Poder Latinx’s canvassers were fanning out to help eligible voters in Latino neighborhoods join the rolls or update their registrations. But the work of such groups, which often focus on young voters and voters of color, is getting harder in Florida and around the nation.
Since the 2020 election, at least six states have passed legislation cracking down on voter registration drives. Many groups view the laws — enacted by Republicans in Florida, Idaho, Kansas, Missouri, Montana and Tennessee — as an existential threat to their work, and several have shut down operations rather than risk financial penalties or prison time.
“It’s been a nightmare in every way,” said Davis Hammet of Loud Light in Kansas. His group halted voter registration efforts after a 2021 law imposed criminal penalties for impersonating an election official, something engagement organizations fear could be inadvertent. “If you’re charged with a felony, you lose your right to vote. So you could lose your right to vote for registering voters,” Hammet said.
In Florida, state legislators in 2022 upped the maximum fine a voter registration group could receive from $1,000 to $50,000. The next year, they boosted it again to $250,000. They also limited how and where organizations can return forms, and barred non-U.S. citizens and people with certain felonies from doing the work.
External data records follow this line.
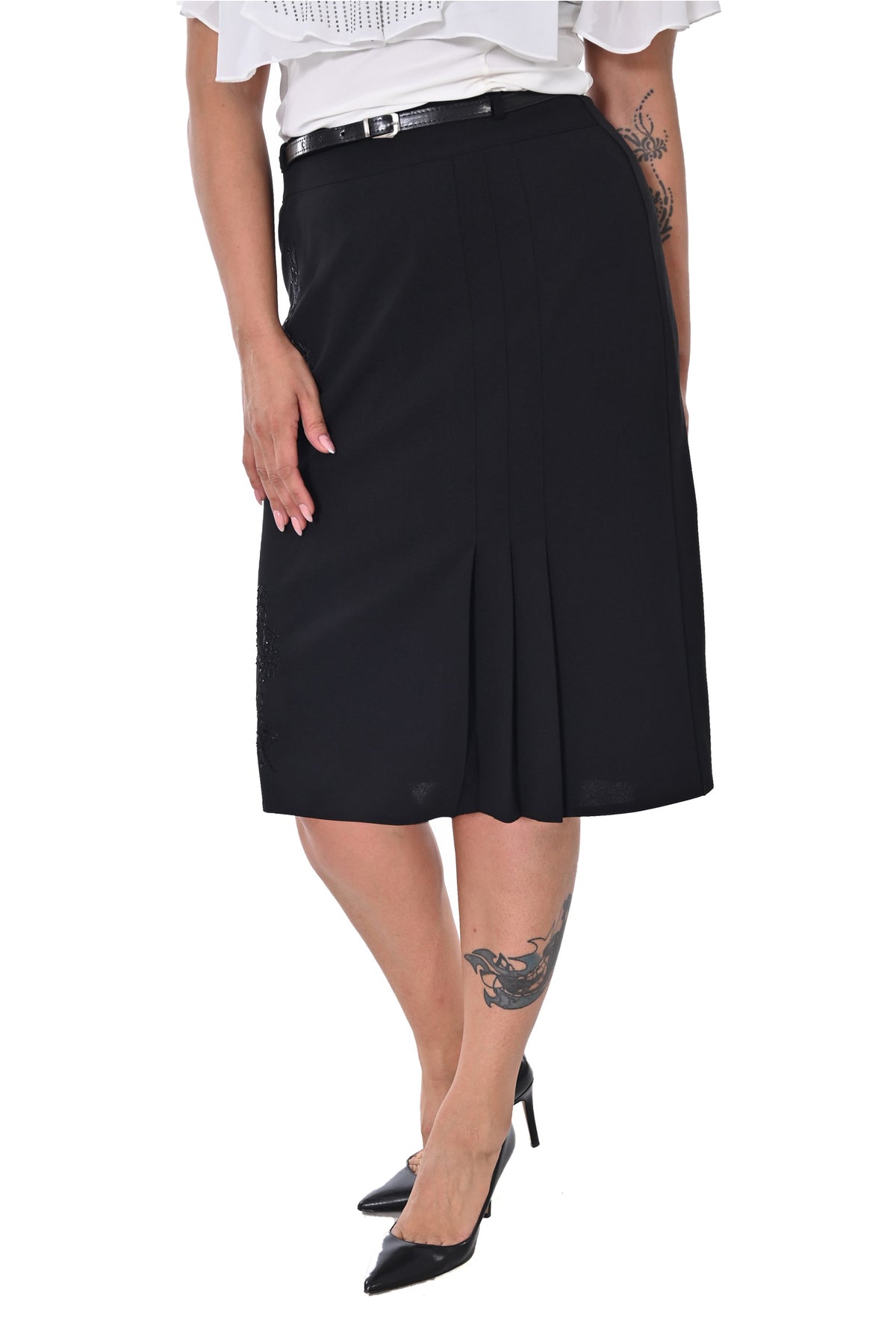 Plus Size Floral Embellished Pleat-Detail Skirt in Black – Lady Fancy wholesale size pack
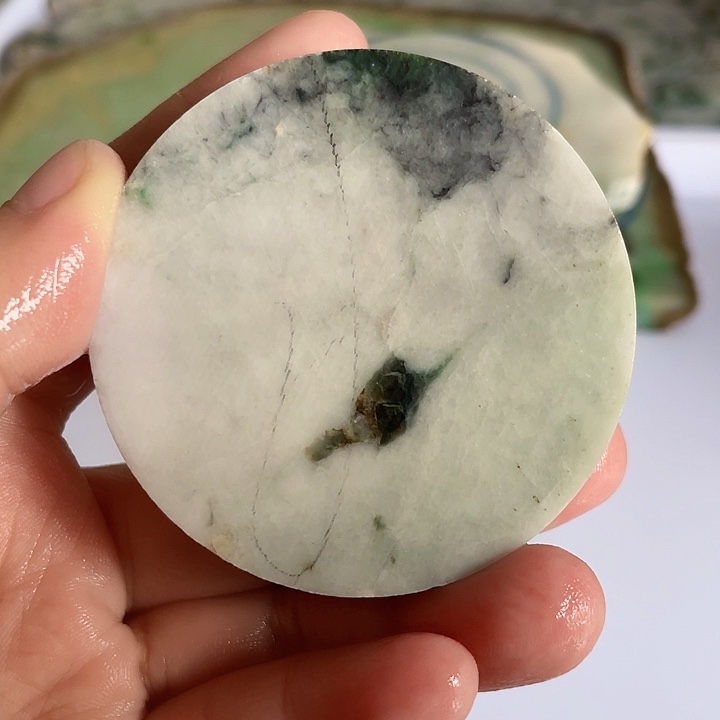 翡翠颈饰未镶嵌毛料40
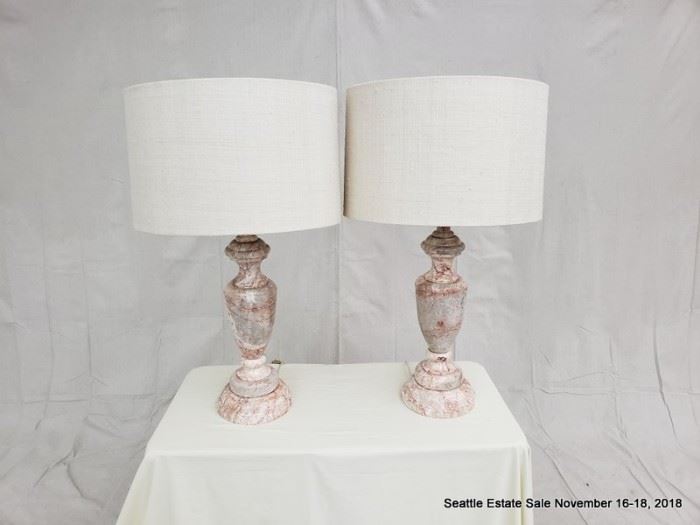 Vasiform pink marble lamp.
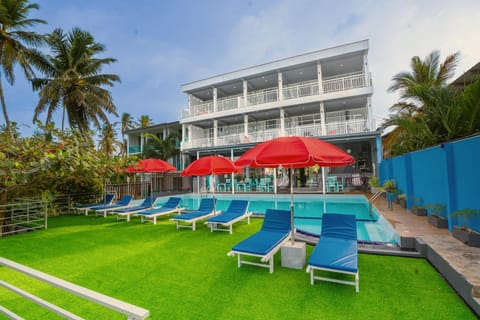 Swimming pool, sunbed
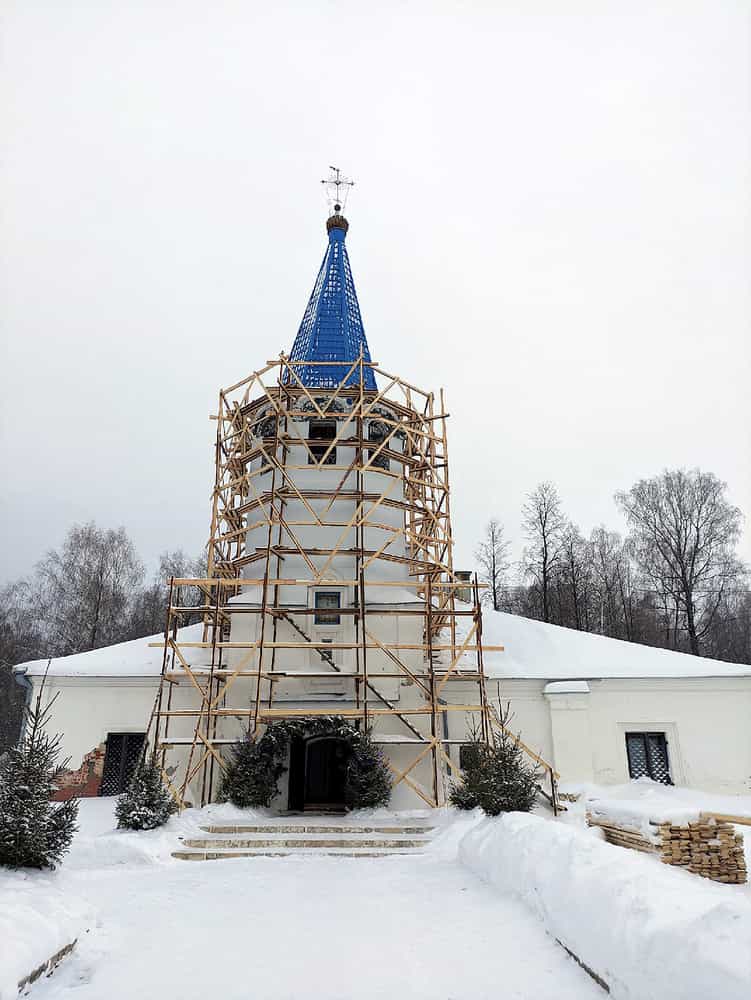 Торжественное богослужение в храме Покрова Божией Матери города Советска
“These are rules that everybody needs to tighten up a little bit,” said Florida Rep. Rick Roth, a Republican who supported the changes. “You have to do it the right way. We don’t want any hiccups.”
Several Florida groups shut down their voter registration drives after the 2023 law. “As a consequence of all these threatening provisions, the League no longer collects paper voter registration applications,” said Cecile Scoon of the League of Women Voters of Florida. The League has registered tens of thousands of Floridians, but a $250,000 fine would be greater than its annual budget in recent years.
“We’re not as effective as we once were,” Scoon said.
State data shows that in the months after the Florida law took effect in 2023, registrations through drives fell by 95%, compared with the same months four years earlier.
Republican legislators in Florida cite concerns about fraud and trust in elections as reasons for the new restrictions. Voter registration groups have missed deadlines for returning applications in some cases, leaving potential voters ineligible for upcoming elections. And six canvassers were arrested in April 2023 after allegedly falsifying 58 voter registration applications in two counties. Yet a state investigator in Florida wrote that the people involved “were not part of an organized criminal conspiracy to corrupt the election process.” And there’s no broader indication of widespread fraud in voter registration drives across the country.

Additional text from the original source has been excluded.